▸ **DIRECTIONS**: The answer must consist only of the lines from the line with "2014 Kia Soul" to the line with "Cinderella Boy Chapter 20 - page 54", both included, exactly as they stand below.

(Web page caption snippets)
* * * * * * *

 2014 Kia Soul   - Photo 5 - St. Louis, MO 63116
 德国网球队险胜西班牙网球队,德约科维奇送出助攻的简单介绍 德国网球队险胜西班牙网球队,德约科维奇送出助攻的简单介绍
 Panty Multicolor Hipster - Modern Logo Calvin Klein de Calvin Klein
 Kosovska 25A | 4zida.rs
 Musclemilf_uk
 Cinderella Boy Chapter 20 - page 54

* * * * * * *

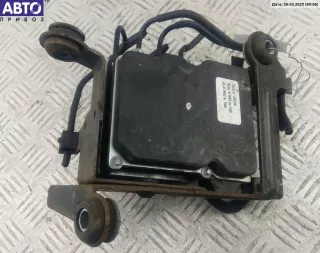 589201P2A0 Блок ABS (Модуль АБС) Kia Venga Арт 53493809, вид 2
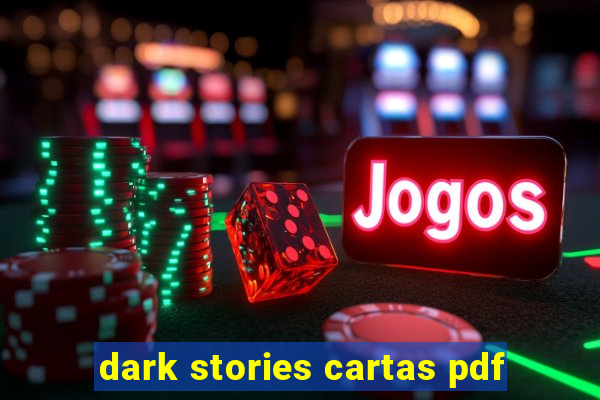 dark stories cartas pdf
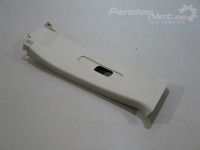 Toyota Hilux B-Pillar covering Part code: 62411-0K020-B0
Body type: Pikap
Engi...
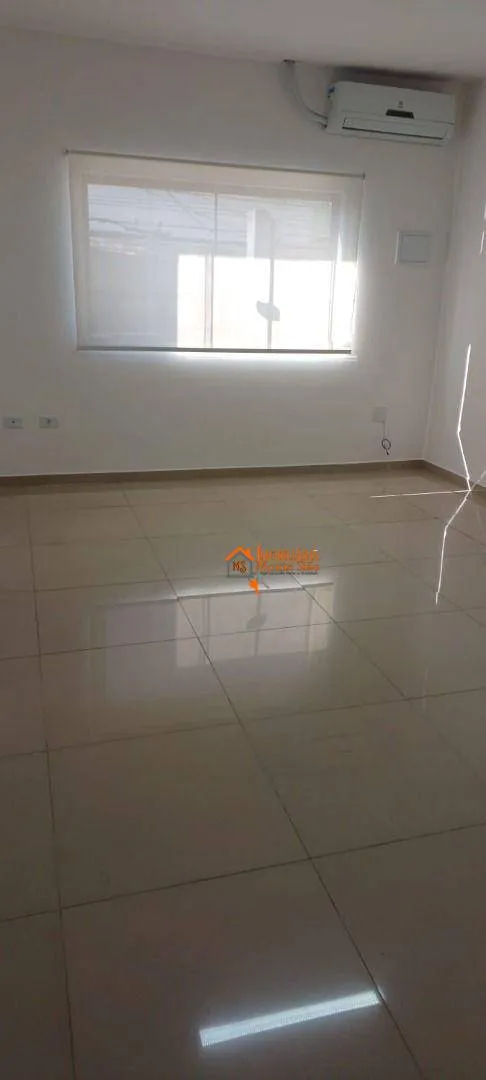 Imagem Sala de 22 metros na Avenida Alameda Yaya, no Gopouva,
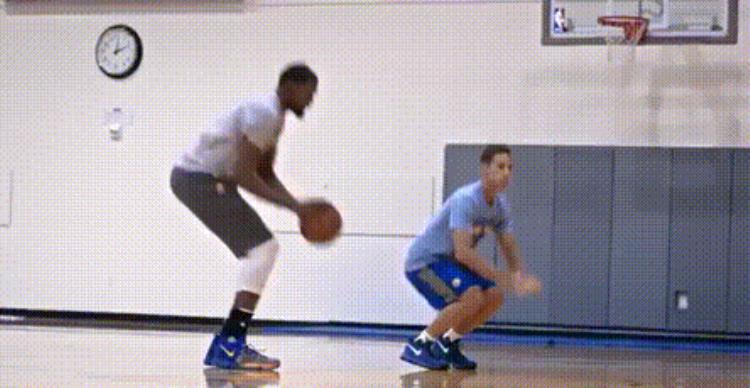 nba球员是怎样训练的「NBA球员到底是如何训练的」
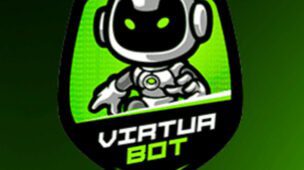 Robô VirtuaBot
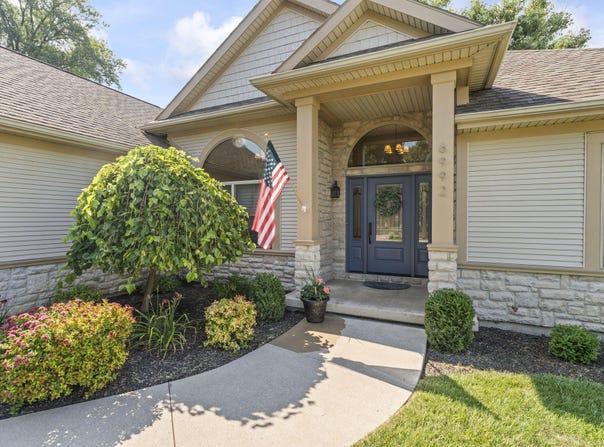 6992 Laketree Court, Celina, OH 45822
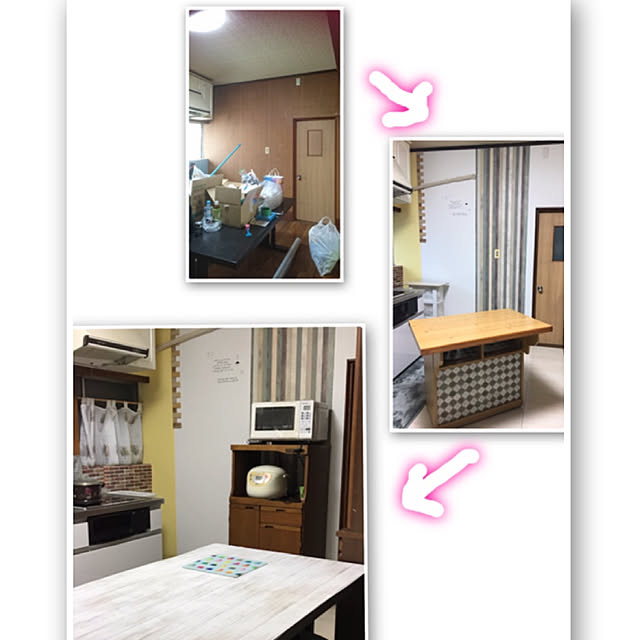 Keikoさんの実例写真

* * * * * * *

▸ **RESULT**:
 2014 Kia Soul   - Photo 5 - St. Louis, MO 63116
 德国网球队险胜西班牙网球队,德约科维奇送出助攻的简单介绍 德国网球队险胜西班牙网球队,德约科维奇送出助攻的简单介绍
 Panty Multicolor Hipster - Modern Logo Calvin Klein de Calvin Klein
 Kosovska 25A | 4zida.rs
 Musclemilf_uk
 Cinderella Boy Chapter 20 - page 54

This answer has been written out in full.